> [Aim of the exercise]:
Scan the material for the word "Floral", then return every line where it appears.
**** Data supplied ****
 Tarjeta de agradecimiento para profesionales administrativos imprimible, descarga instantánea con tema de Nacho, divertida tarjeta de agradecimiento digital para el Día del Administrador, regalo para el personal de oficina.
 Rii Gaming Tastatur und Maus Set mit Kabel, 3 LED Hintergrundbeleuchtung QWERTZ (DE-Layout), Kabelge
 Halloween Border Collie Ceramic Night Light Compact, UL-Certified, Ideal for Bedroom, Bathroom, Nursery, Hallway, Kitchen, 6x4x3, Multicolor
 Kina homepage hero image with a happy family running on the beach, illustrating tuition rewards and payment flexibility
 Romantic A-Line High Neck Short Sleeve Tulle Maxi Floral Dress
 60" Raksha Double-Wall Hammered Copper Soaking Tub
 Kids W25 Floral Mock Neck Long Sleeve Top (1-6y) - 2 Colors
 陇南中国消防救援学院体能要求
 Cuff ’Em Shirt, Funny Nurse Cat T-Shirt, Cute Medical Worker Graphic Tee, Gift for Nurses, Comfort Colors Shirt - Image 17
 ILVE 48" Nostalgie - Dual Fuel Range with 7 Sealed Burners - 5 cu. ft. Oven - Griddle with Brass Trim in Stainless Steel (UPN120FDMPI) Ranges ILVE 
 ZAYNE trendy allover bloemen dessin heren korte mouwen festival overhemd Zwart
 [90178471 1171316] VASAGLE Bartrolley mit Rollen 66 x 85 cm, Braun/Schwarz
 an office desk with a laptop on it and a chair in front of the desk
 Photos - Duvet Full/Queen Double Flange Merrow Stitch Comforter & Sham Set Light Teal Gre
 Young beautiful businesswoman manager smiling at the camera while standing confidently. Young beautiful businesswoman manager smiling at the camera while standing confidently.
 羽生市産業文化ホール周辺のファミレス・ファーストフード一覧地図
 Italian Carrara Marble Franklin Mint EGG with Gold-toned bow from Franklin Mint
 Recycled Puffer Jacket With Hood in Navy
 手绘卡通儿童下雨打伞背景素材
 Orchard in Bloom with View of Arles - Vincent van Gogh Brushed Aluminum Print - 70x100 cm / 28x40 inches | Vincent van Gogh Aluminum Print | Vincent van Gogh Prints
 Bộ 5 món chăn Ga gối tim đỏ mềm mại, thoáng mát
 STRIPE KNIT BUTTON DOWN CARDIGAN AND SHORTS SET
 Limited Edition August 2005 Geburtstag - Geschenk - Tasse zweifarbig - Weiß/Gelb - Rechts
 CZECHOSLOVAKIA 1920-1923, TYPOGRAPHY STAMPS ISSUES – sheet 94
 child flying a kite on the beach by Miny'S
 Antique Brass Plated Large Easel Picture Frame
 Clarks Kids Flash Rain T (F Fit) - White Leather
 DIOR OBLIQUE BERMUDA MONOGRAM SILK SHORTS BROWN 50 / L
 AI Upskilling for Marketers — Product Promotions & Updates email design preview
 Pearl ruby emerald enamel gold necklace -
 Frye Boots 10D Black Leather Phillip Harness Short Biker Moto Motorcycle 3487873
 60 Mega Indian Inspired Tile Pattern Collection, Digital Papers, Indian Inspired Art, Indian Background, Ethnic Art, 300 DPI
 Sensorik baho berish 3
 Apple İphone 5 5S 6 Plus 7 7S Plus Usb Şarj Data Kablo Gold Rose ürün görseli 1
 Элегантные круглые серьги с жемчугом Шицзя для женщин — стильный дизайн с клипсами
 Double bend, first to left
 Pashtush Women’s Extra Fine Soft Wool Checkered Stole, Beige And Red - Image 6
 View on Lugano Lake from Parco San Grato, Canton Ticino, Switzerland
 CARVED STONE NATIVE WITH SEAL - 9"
****
> [Solution]:
 Romantic A-Line High Neck Short Sleeve Tulle Maxi Floral Dress
 Kids W25 Floral Mock Neck Long Sleeve Top (1-6y) - 2 Colors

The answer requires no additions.